Thursday, April 28, 2011

Decision Points – A Review of George W. Bush’s Presidential Memoir

I am sure many people will scoff at the idea of reading former President George W. Bush’s recent presidential memoir Decision Points. Perhaps these skeptics will say that the book is just more lies, trumped-up excuses, or inside-the-beltway “spin” from a man who ended his presidency with pretty low poll numbers. But the decision not to read the book because you disagree with some or all of the policies of the man would be the wrong decision in my view. The book may not change your opinion of the man, but it does end up presenting him as a man, who in the end picks up his dog’s poop with a plastic bag just like the rest of us.

Decision Points is candid, informative, and deals in a behind-the-scenes way with issues that were argued about ad infinitum during Bush’s presidency, giving the reader his perspective on why he lead the way he did. You won’t get this take on what happened over the last decade from The New York Times or CNN. He deals with the reasons behind decisions he made concerning his response to the 9/11 attacks and the subsequent invasion of Afghanistan, his decision to take down Saddam Hussein’s regime, his rescue of Chrysler and GM, and the much maligned TARP (Troubled Asset Relief Program). He also deals with personal issues such as why it was finally time to take responsibility for his life and actions and stop a personally destructive drinking habit.

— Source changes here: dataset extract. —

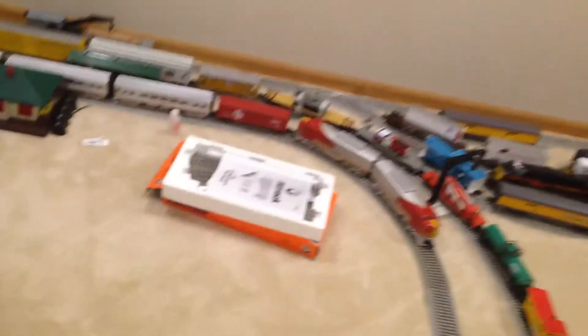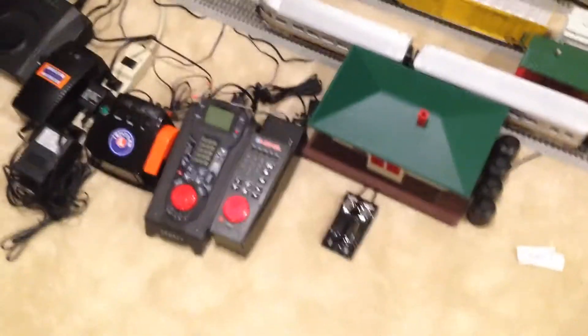Hey guys, what's happening? It's Jim here with Jim Supplies Trains and Video Games. Today is Mile Trainings Monday — it's a Mile Trainings Mondays video. But a little bit of this one — this one's going to be really short.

Here are some of the topics Mr. Bush covers in the 480 page book:
  •  The former baseball team owner talks in detail about his formative younger years and overcoming his negative relationship with alcohol and the effect it was having on his personal and family life.
  •  He talks about his relationships with his wife, his daughters, and his parents.
  • Bush discusses his years as governor of Texas, his decision to run for president, and the two difficult presidential campaigns.
  •  He speaks of his relationships with the people in his administrations like Dick Cheney, Condoleezza Rice, and Don Rumsfeld, and his reasons behind choosing them for their various positions.
  •  The education reform known as No Child Left Behind is covered in detail along with statistics before and after its implementation.
  • The attacks of September 11, 2001 are discussed and here the behind-the-scenes activities of a president during an unprecedented crisis are informative, enlightening, and emotional.
  • The decision to go to war in Afghanistan against the Taliban and al Qaeda is explained.
  • Though extremely unpopular with many people, the context surrounding the Iraq War is again laid out before the reader.
  • Protecting the Homefront was one of the most important things to George W. Bush as president, and he discusses the steps he and his administration took in concert with Congress to successfully protect Americans from another attack.
  • Hurricane Katrina was the worst natural disaster in U.S. history and Bush explains things his administration got right and the things they got wrong.
  • Aid to Africa to fights AIDS and malaria was also important to President Bush but this received little public attention while he was president. He explains in the book that it was one of the most impactful and important things he did.
  • TARP, AIG, and the auto bailout, were attacked from the right and the left in the last year of the president’s term in office. He deals with the decision to go ahead with these actions while placing them in the context and dismal climate that existed at the time.
The book is honest, heartfelt, and often displays a humbleness that many people found admirable in the man when he was in office. Decision Points was written by someone who comes across as a man who had the country’s best interests at heart, and based his decisions on what he felt was the best choice for protecting or supporting the American people. Clearly he was wrong many times, as most presidents have been about some things, and many times in this book he points out the places where he may have been wrong or would have done something different. But he also defends many of the decisions where he feels he was right and acting in the best interests of the American people. He places all the decisions back into the contexts in which they were made, reminding us of the environments and conditions in which the actions were taken.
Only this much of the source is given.